The Stars My Destination is a science fiction novel by American writer Alfred Bester. It was first published in book form in the United Kingdom in June 1956, where it was titled Tiger! Tiger!; the novel was named after William Blake's 1794 poem "The Tyger", whose first verse is printed as the first page of the novel. The novel remains widely known under that title in the markets in which this edition was circulated. It was subsequently serialized in the American Galaxy Science Fiction magazine in four parts, beginning in October 1956. A working title was Hell's My Destination; the book was also associated with the name The Burning Spear.
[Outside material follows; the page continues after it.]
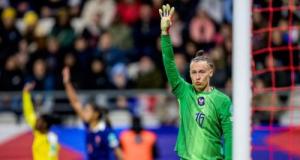 Équipe de France (F) : Pauline Peyraud-Magnin forfait de dernière minute contre l'Irlande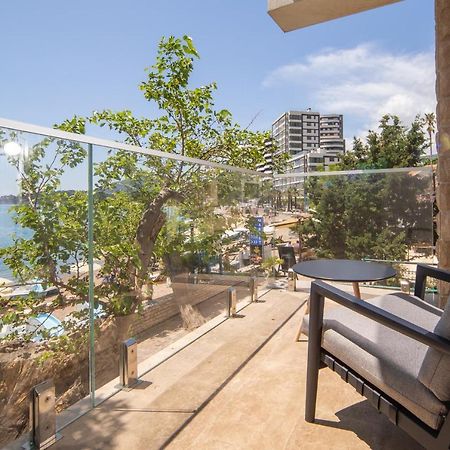 Boutique Hotel Shell Budva Exteriér fotografie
It was Bester's last novel for the next 19 years.

The novel was widely criticized and praised when it first appeared, but it is now appreciated as a classic work and a prescient forerunner of the cyberpunk science fiction subgenre. It was also a seminal work in the genre of widescreen baroque.

==Premise==
In the 24th or 25th century (depending on the edition of the book), humans have colonized the Solar System and also learned to teleport (although not through outer space). It tells the story of Gulliver ("Gully") Foyle, a man driven and transformed by a thirst for vengeance.

==Plot==

At the time when the book is set, "jaunting"—personal teleportation—has so upset the social and economic balance that the Inner Planets are at war with the Outer Satellites. Gully Foyle of the Presteign-owned merchant spaceship Nomad—an uneducated, unskilled, unambitious man whose life is at a dead end—is marooned in space when the ship is attacked. After six months of waiting, a passing spaceship, the Vorga, also owned by the powerful Presteign industrial clan, ignores his signal and abandons him. Foyle is enraged and is transformed into a man consumed by revenge, the first of many transformations.

Foyle repairs the ship and barely survives but is found and adopted by a cargo cult in the Asteroid Belt who tattoo a hideous mask of a tiger on his face and force-marry him to one of their girls. He recovers his health, escapes and is returned to Terra. His attempt to blow up the Vorga fails, and he is captured by Presteign. Unknown to Foyle, the Nomad was carrying "PyrE", a new material which could make the difference between victory and defeat in the war. Presteign hires security agent Saul Dagenham to interrogate Foyle, to find the ship and PyrE.

Protected by his revenge fixation, Foyle cannot be broken and he is put into a jaunte-proof prison. There he meets Jisbella McQueen, who teaches him to think clearly and tells him he should find out who gave the order not to rescue him. Together they escape and get his tattoos removed—but not with total success: the subcutaneous scars become visible again whenever Foyle becomes too emotional. The pair travel to the Nomad, where they salvage not only PyrE, but also a fortune in platinum metal. Jisbella is captured by Dagenham, but Foyle escapes.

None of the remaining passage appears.